Regarding performance, the game initially ran fine with 100 asteroids, but as I say above, I will need 10 times that amount. The initial bottleneck was collision detection, which was quadratic. I solved this on the PC using space partitioning with an octree.

#light

open Microsoft.Xna.Framework
open System.Collections.Generic

type NodeData<'a> =
    { bbox : BoundingBox ;
      sub_nodes : Node<'a> [] }
      
and Node<'a> =
    | Leaf of BoundingBox * 'a []
    | Node of NodeData<'a>


let mkBBox (p1 : Vector3) (p2 : Vector3) =
    let x1, x2 =
        if p1.X < p2.X then (p1.X, p2.X) else (p2.X, p1.X)
    let y1, y2 =
        if p1.Y < p2.Y then (p1.Y, p2.Y) else (p2.Y, p1.Y)
    let z1, z2 =
        if p1.Z < p2.Z then (p1.Z, p2.Z) else (p2.Z, p1.Z)
    
    BoundingBox (Vector3 (x1, y1, z1), Vector3 (x2, y2, z2))


let map_parallel (func : 'a -> 'b) (items : 'a[]) =
    let results = Array.zero_create (items.Length)
    let count = ref items.Length
    use notify = new System.Threading.AutoResetEvent(false)
    
    items
    |> Array.iteri (
        fun i item ->
            System.Threading.ThreadPool.QueueUserWorkItem (
                fun _ ->
                    let res = func item
                    results.[i] <- res
                    let c = System.Threading.Interlocked.Decrement count
                    if c = 0 then notify.Set() |> ignore
            ) |> ignore
        )
    notify.WaitOne() |> ignore
    results

    
let rec partition (count_limit) (intersect) (items : 'a []) (bbox : BoundingBox) multi_threaded =
    if items.Length < count_limit
    then
        (bbox, items) |> Leaf
    else
        let in_bbox =
            items
            |> Array.filter (fun item -> intersect item bbox)

        let center = 0.5f * (bbox.Min + bbox.Max)
        let pts = bbox.GetCorners ()

        let sub_nodes =
            pts
            |> (if multi_threaded then map_parallel else Array.map) (
                fun pt ->
                    let sub_box = mkBBox center pt
                    partition count_limit intersect in_bbox sub_box false
                )

        { bbox = bbox ;
          sub_nodes = sub_nodes }
        |> Node


let rec getVisible (view : BoundingFrustum) addVisible (partition : Node<'a>) =
    match partition with
    | Leaf (bbox, items) ->
        if bbox.Intersects (view)
        then
            items |> Array.iter addVisible
    | Node data ->
        if data.bbox.Intersects (view)
        then
            data.sub_nodes
            |> Array.iter (getVisible view addVisible)

It's pretty rough code, but there are some interesting bits anyway.
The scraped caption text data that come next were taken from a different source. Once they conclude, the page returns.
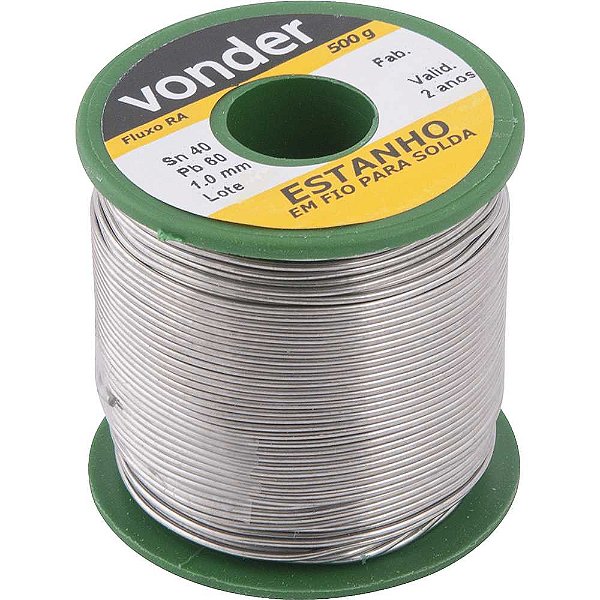Estanho em fio com fluxo 1,0mm 40 x 60,com 500 g,VONDER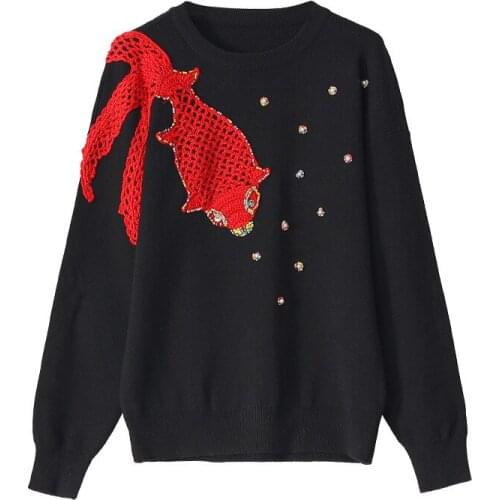 2021 Comfortable Women Jumpers Elegant Knitwear Basic&Casual Lady Sweater Tops Red Fish Crochet Colors Jacquard Beaded Pullover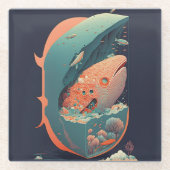 Abstrakte Fantasien Welt der unmöglichen Objekte Glasuntersetzer (Vorderseite)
In "partition", the function creating the octree, I use multithreading in the top call in an attempt to take advantage of the multiple cores. My timings on the PC show however little global benefit in using multithreading, but I don't know how much "partition" contributes to the overall execution time. It's too early to draw any conclusion, but at least performance is not negatively affected.

Note that I reimplemented map_parallel (which I had introduced in an earlier Tutorial about concurrency) without using asynchronous computations. It's obviously inferior to the older version as it does not handle exceptions, but it has the advantage of actually working on both the PC and the XBox360. The older version causes an "error code 4" on the XBox. I don't know why, I'll try to report that on hubfs with a smaller test case as soon as I get time.

The octree made the PC version run nicely with 1000 asteroids and more, but the XBox360 is still running very slowly, which makes me think that I have finally hit the limitations of its garbage collector. Note that I have not verified that, not being very comfortable with the development kit yet.

Currently, each asteroid is represented using a record, and records get translated to classes by the F# compiler. The records are stored in an array. I wonder if it would work better with structs instead, the idea being that an array of structs should be seen as one object, whereas an array of classes is composed of 1001 objects in this case. As the performance of garbage collection is dependent on the number of objects, but not so much on their size, an array of struct should offer better performance.

The sad thing is that I really liked records, I wish F# allowed the [<Struct>] attribute on records.